## YOUR ASSIGNMENT:
Whenever a line below mentions the word "with", that line should be copied.

## GIVEN RECORDS:

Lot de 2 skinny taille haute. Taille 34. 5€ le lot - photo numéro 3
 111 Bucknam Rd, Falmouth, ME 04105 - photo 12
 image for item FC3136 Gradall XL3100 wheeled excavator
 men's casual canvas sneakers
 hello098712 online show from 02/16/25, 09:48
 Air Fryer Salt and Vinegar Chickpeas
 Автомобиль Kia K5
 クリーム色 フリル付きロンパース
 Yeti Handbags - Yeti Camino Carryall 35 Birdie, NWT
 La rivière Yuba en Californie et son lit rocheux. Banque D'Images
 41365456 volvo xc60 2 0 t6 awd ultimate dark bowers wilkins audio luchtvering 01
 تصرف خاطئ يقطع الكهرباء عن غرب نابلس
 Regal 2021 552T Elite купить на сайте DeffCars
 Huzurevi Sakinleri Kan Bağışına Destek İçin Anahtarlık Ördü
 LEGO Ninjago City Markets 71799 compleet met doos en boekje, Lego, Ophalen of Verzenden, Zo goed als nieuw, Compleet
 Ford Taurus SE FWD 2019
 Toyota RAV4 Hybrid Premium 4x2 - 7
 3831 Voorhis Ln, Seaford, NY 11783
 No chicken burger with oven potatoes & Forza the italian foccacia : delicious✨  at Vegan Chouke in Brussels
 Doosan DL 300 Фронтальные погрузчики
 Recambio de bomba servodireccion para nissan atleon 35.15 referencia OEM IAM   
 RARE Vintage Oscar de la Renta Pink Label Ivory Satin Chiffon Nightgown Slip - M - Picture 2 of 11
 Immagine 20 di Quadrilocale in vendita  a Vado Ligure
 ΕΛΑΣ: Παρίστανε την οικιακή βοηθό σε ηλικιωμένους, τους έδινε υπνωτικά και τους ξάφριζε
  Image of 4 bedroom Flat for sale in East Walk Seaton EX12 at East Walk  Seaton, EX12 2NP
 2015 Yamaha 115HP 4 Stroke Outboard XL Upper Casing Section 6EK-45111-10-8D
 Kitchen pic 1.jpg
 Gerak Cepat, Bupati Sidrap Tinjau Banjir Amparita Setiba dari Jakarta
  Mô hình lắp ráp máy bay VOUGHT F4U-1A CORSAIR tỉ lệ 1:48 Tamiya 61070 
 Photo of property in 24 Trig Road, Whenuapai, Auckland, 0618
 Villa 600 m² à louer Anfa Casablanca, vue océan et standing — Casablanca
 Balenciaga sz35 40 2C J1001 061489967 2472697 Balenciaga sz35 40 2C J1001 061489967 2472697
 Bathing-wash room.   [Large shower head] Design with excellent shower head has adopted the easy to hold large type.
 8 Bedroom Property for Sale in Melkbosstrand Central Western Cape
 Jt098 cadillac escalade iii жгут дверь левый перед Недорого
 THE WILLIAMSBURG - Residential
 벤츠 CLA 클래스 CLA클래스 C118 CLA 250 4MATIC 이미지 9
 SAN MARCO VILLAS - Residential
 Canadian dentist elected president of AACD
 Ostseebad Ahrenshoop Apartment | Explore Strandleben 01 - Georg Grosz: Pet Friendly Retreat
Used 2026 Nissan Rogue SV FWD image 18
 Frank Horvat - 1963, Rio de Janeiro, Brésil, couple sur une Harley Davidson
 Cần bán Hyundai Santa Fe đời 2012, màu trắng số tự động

## FINISHED EXERCISE:
 No chicken burger with oven potatoes & Forza the italian foccacia : delicious✨  at Vegan Chouke in Brussels
 Bathing-wash room.   [Large shower head] Design with excellent shower head has adopted the easy to hold large type.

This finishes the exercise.